%%

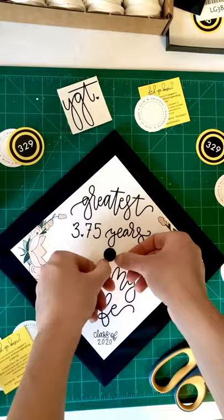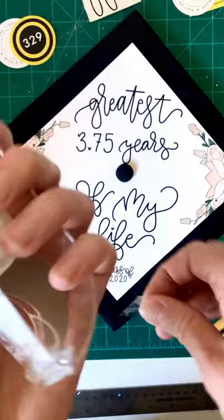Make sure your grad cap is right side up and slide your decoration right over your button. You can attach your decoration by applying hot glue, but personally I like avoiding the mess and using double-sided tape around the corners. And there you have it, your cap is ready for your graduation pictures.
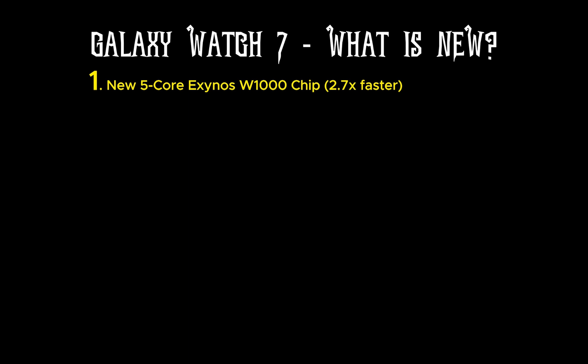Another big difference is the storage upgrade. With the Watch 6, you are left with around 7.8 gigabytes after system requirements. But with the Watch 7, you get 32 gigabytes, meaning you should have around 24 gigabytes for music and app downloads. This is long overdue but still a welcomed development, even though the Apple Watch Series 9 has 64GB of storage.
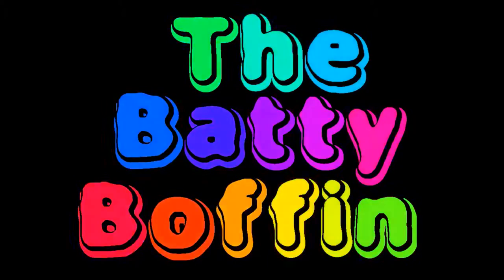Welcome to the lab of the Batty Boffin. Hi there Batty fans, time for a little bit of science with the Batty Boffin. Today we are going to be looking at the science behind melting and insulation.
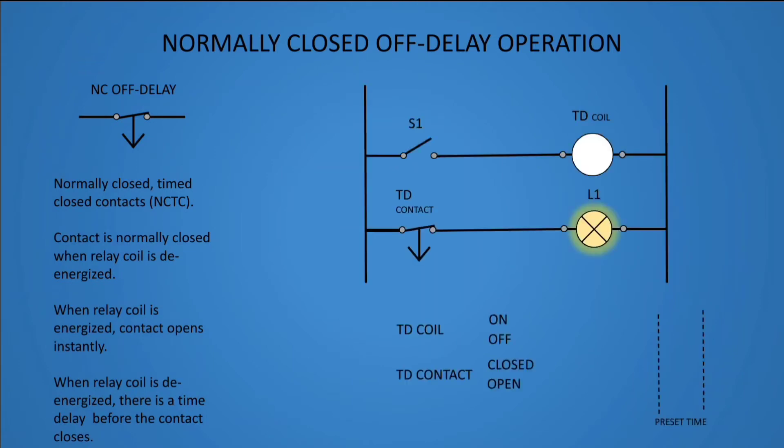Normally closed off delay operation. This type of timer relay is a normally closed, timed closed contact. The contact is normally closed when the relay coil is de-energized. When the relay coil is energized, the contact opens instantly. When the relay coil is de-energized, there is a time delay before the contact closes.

%%
%%

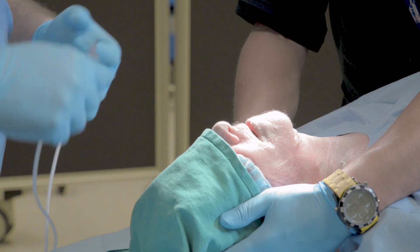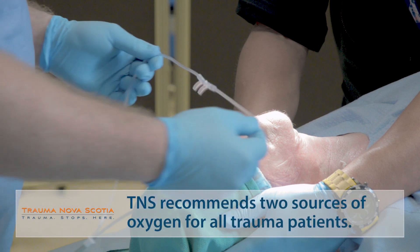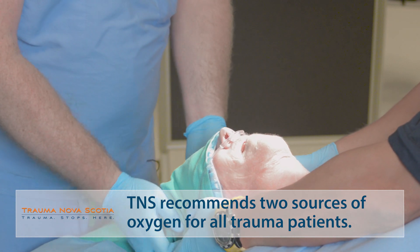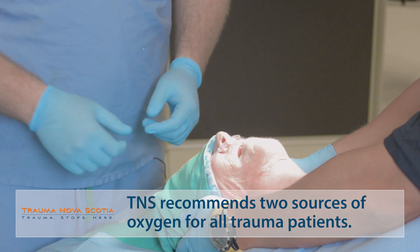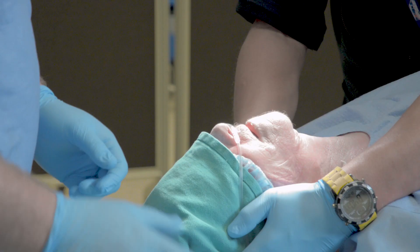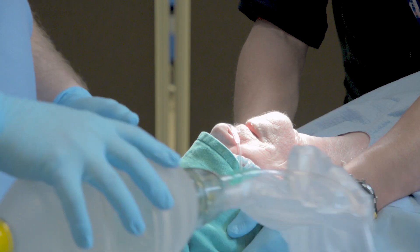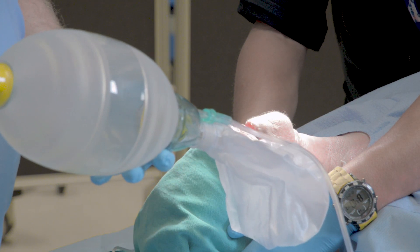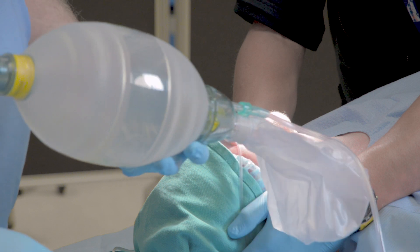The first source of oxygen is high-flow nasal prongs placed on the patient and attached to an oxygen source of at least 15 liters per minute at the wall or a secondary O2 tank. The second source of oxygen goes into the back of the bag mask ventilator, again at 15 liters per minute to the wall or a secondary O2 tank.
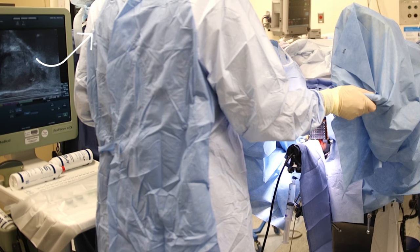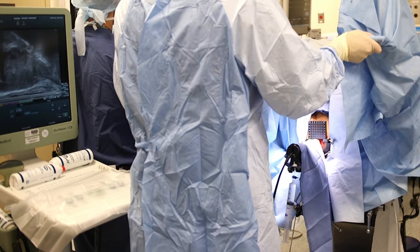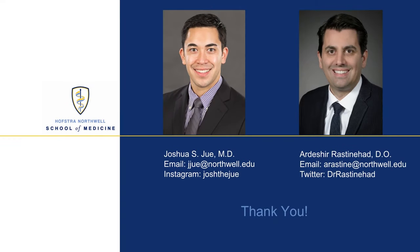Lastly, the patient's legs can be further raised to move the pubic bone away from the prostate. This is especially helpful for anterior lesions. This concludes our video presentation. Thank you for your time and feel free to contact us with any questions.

%%

Aim of the task — Beginning with the line that contains "Make sure your", write out the lines of the material above exactly, and end with the line that contains "Another big difference". Omit the pictures.

Solution to the exercise —
Make sure your grad cap is right side up and slide your decoration right over your button. You can attach your decoration by applying hot glue, but personally I like avoiding the mess and using double-sided tape around the corners. And there you have it, your cap is ready for your graduation pictures.
Another big difference is the storage upgrade. With the Watch 6, you are left with around 7.8 gigabytes after system requirements. But with the Watch 7, you get 32 gigabytes, meaning you should have around 24 gigabytes for music and app downloads. This is long overdue but still a welcomed development, even though the Apple Watch Series 9 has 64GB of storage.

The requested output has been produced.